- [Problem] When you restate the data, keep every word as it is and drop the images.
START Collected material
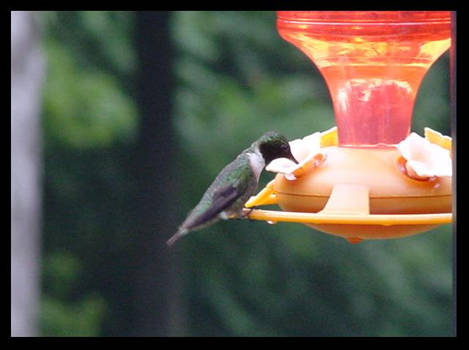 :. Hummingbird - Thirsty?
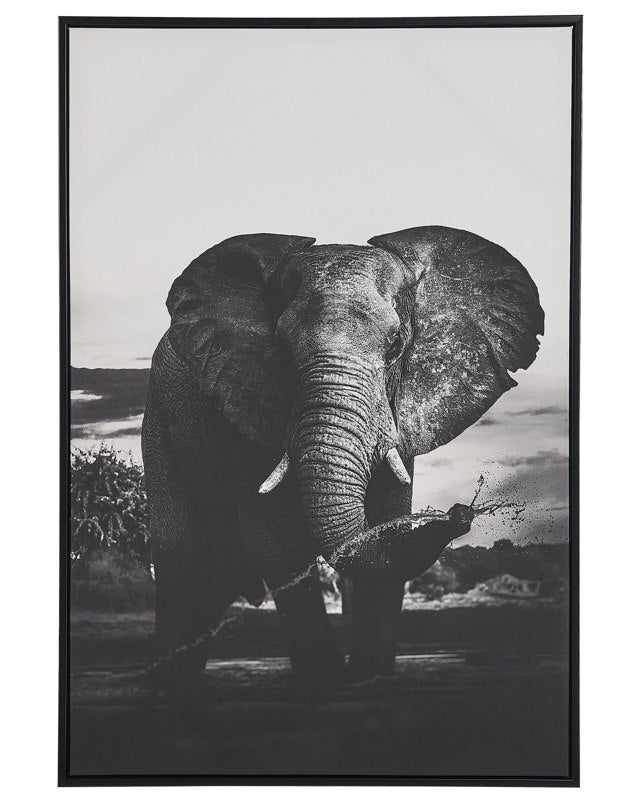 Framed Canvas Wall Art Grey 63 x 93 cm Elephant Print Animal Motif Modern Wall Décor for Living Room Bedroom Beliani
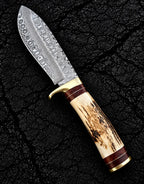 Stag antler handle with brass guard and wood spacer detail on Damascus knife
END Collected material
- [Exercise output]
 :. Hummingbird - Thirsty?
 Framed Canvas Wall Art Grey 63 x 93 cm Elephant Print Animal Motif Modern Wall Décor for Living Room Bedroom Beliani
 Stag antler handle with brass guard and wood spacer detail on Damascus knife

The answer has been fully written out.